Race to Net-Zero Emissions
Climate change is shaping this century’s priorities. The world is working towards creating a "climate-neutral" environment by the middle of the century. The Paris climate agreement of 2016 has been a big driver in this direction, and it required governments to limit the temperature increase to 1.5 degrees above pre-industrial levels. This requires regulators to roll out several environmentally conscious policies and initiatives. It will have strategic and financial implications for governments, corporates, and investors, which, in turn, will affect their investment choices.
At U.N. COP26, few developed countries have made commitments to provide the $100 billion annually in climate finance to support the climate transition needs in developing countries, although the modus operandi is still unclear. The members of the Glasgow Financial Alliance for Net Zero (GFANZ), a global coalition of leading financial institutions, announced a pledge of $130 trillion of assets over the next three decades to support this effort.
Climate Risk is Investment Risk
“Investors and companies are increasingly recognizing that climate risk presents investment risk.” Sudhir Nair, Global Head of the Aladdin Business at BlackRock.
However, these risks must be identified and managed through science-based methods. The underlying data, models, frameworks should integrate with the existing risk management frameworks to provide meaningful insights for decision-making.
Climate Flavored acquisitions dominated the current ESG M&A
New-age firms are tackling these issues by applying climate science principles in combination with data, technology, and frameworks. Their models are science-based, and scenarios are forward-looking. They also integrate results into existing risk management frameworks and process flows. This makes these specialized climate firms hot acquisition targets for financial firms.

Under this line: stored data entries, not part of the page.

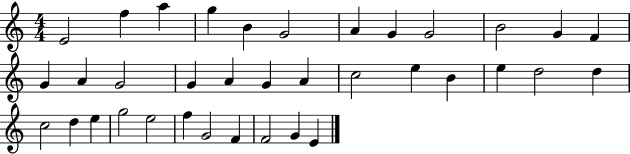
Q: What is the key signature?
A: C major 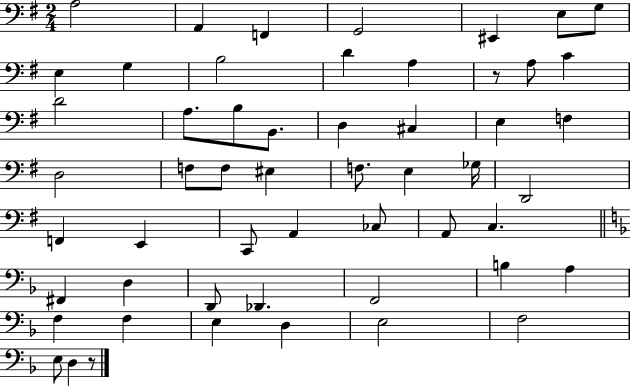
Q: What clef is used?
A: bass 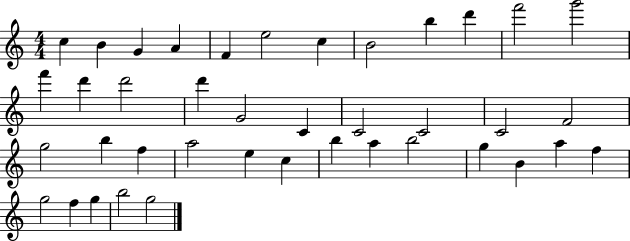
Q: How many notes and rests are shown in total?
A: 40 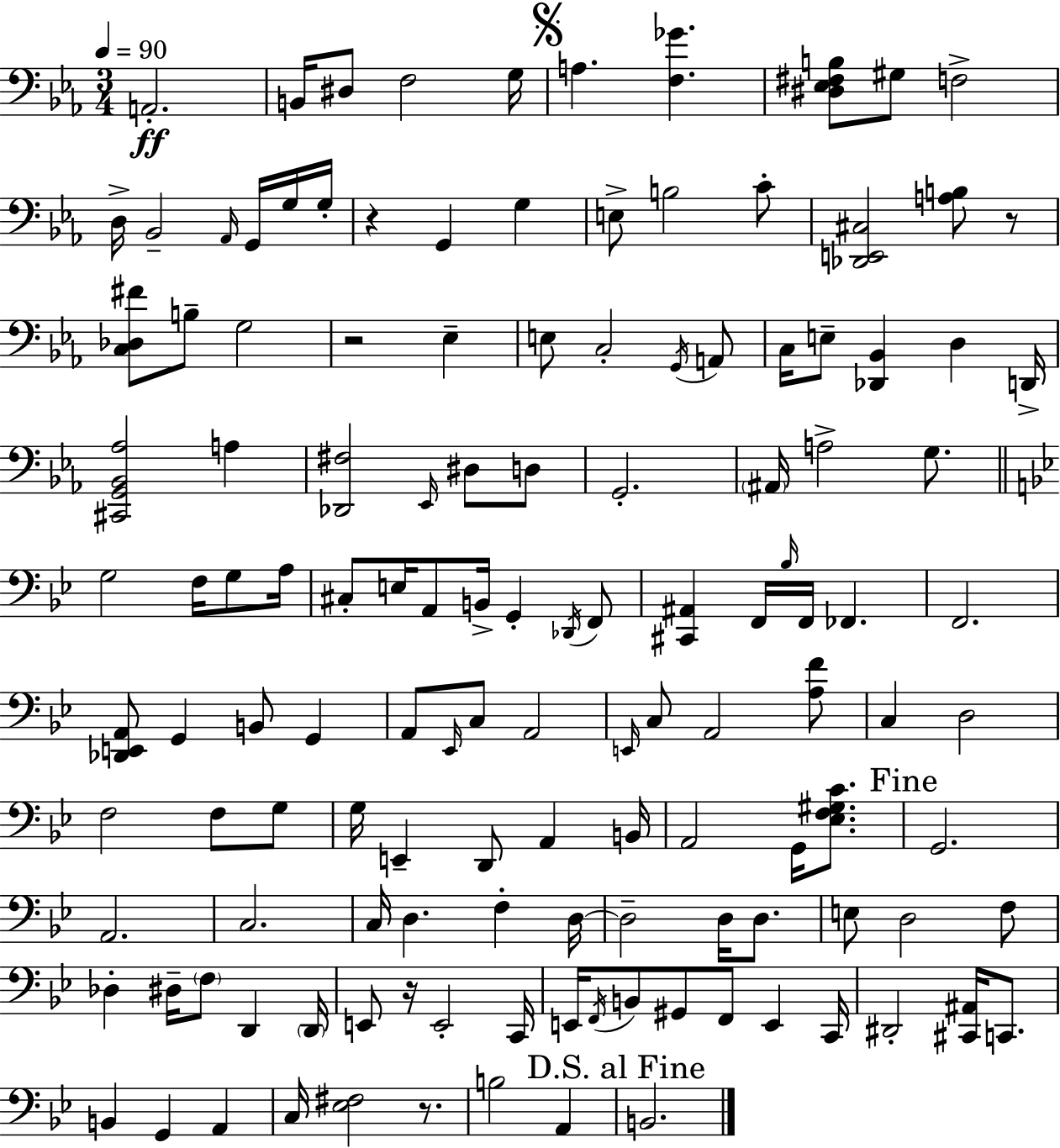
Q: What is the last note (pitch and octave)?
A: B2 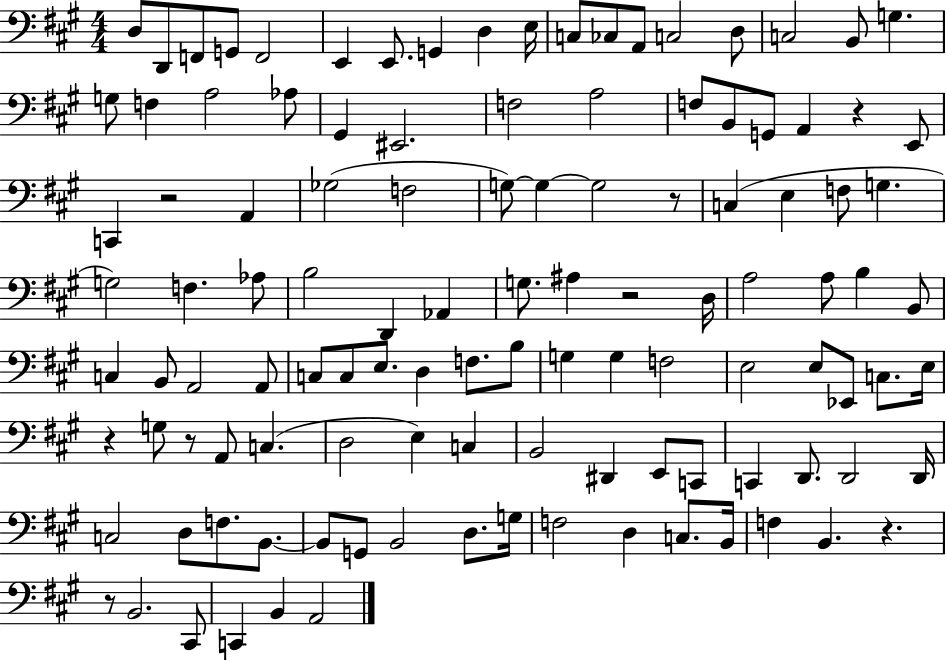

"More than ever, investors and companies seek evidence-based insights, high-quality data, and advanced analytics to support the decisions driving their strategies linking sustainability and business performance." Dr. Richard Mattison, President, S&P Global Sustainable1 on the acquisition of Climate Service Inc
"Our investment in ClimateSeed is further evidence of our commitment to expand and scale up the range of activities that combat climate change and preserve biodiversity.” Marco Morelli, Executive Chairman of AXA IM
Digitalization makes data governance the next big ESG driver
Data governance has not historically been considered an ESG issue. But since the pandemic has hit, the world has transitioned to digital in the way it lived and worked. However, the data breaches across large corporations and the ensuing lawsuits are making data governance a financially material risk, and are forcing corporates and investors to take a closer look.
Source: AlphaSense | Company commentary on data privacy in transcripts and ESG reports has increased YoY
“In the context of a global pandemic, the climate crisis, and increasing cyberattacks, our customers must manage a80 wider range of risks than ever before." Rob Fauber, President and Chief Executive Officer of Moody’s
Global risks are now more complex, connected, and systemic. Climate change and catastrophic events like extreme weather, pandemics, and cyberattacks have broader and more harmful impacts across virtually all industries.” Chief Executive Officer of RMS on Moody’s acquisition of RMS
Traditionally, even if data privacy has been included in ESG reporting, it has largely been under the social category. This made technology stocks the darling of environmentally conscious investors. However, newer challenges such as data localization, energy footprints, and biodiversity impacts, are making a case for data governance emerging as a newer niche in the ESG practice.